Boost logo

Boost :

From: Ian McCulloch (ianmcc_at_[hidden])
Date: 2005-11-25 13:33:22


Robert Ramey wrote:

> Matthias Troyer wrote:
>>> Dave's design does not change anything in your archives or
>>> serialization functions, but only adds an additional binary archive
>>> using save_array and load_array.
>
> Hmm - that's not the way I read it. I've touched on this in another post.

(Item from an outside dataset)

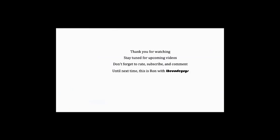Well okay, thank you for watching. Stay tuned for upcoming videos, and don't forget to rate, subscribe, and comment. Until the next time, this is Ron with the CodeGuys.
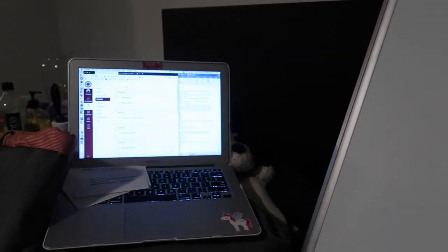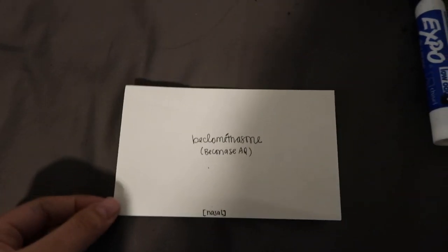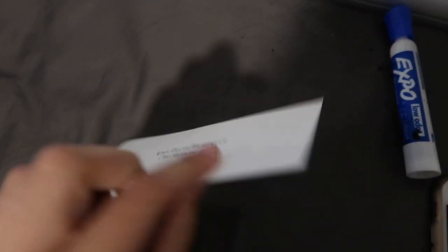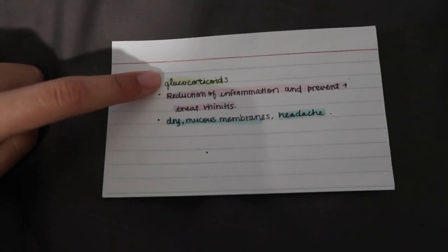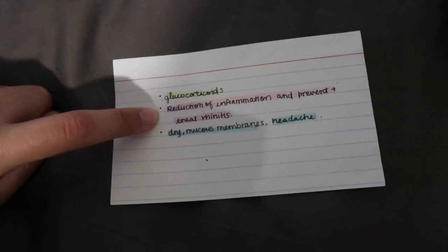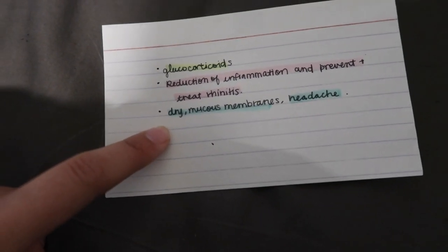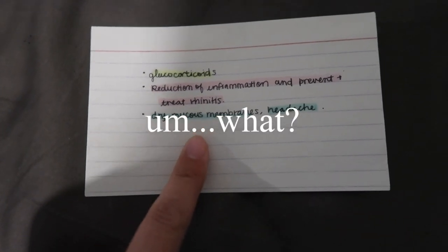I'll just continue this vlog till tomorrow. So here's my setup: I have a whiteboard, a couple markers, a bag, and my computer. These are the flashcards I've learned already — I made them last night. They have the generic name and brand name on the front. On the back: the classification — so this one is a glucocorticoid — what it does, so this one reduces inflammation and prevents and treats rhinitis, which is a stuffy nose. The side effects are dry mucus membranes and headaches. Since this one goes through the nasal passage, it'll cause dry mucus membranes and headaches.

As already explained elsewhere, you mis-read it. The archive was in a
sub-namespace. Perhaps it would have been clearer if Dave had used a
completely different namespace name, boost::array_serialization_extensions,
or boost::not_the_serialization_namespace ?.

>
>>>> c) The premise that one will save a lot of coding
>>>> (see d) above) compared to to the current method
>>>> of overloading based on the pair of archive/type
>>>> is overyly optimistic.
>>>
>>> Actually I have implemented two new archive classes (MPI and XDR)
>>> which can profit from it, and it does save lots of code duplication.
>>> All of the serialization functions for types that can make use of
>>> such an optimization can be shared between all these archive types.
>>> In addition formats such as HDF5 and netCDF have been mentioned,
>>> which can reuse the *same* serialization function to achieve optimal
>>> performance.
>>>
>>> There is nothing "optimistic" here since we have the actual
>>> implementations, which show that code duplication can be avoided.
>
> OK - I can really only comment on that which I've seen.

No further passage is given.